The company says it is in active negotiation for merchandising, licensing, co-branding and co-marketing deals, wherein commercials could include Minimum Guarantees, Revenue Share, and Advertising & Marketing Support, and two deals have been closed Japanese firms: EDWIN, a Jeans company, Bandai Toys. It is also in talks for movie rights. UTV says it expects to close deals in USA and Europe soon.
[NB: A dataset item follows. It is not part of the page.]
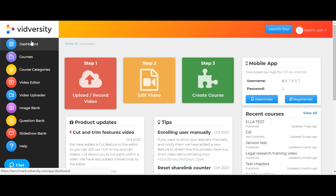Vidversity is a tool you can use — film with your phone, upload it into Vidversity, and think of ways to bring the content alive in a succinct, effective, and fast manner.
El Shaddai is the first of UTV Ignition’s games to release, and the company expects UTV True Games to also release two games during the current quarter. Another UTV Ignition game – Reich – is expected to release this fiscal, though a recent press release suggests that the game is still in development. Last year, there were rumors that War Devil, Ignition’s much-delayed and very expensive project, had been shelved, though UTV denied this. There were reports of layoffs and that Ignition’s CEO Vijay Chadha had been missing: this was never confirmed, and UTV declined to comment on it to MediaNama, neither confirming nor denying his absence. Now it appears that UTV is consolidating operations for True Games and Ignition in the US. According to a press release, it has consolidated its West and East Coast operations to a central office in Austin, Texas, thus merging all of its publishing and development into one location in the US.
The gaming business, though similar in some ways to the movie business that UTV is familiar with, requires much more investment – in development, distribution and marketing. One rule, though, remains the same – the entire investment can come to naught if the game doesn’t do well.
Last year, UTV had also said that they intend to raise money for Ignition. What happened?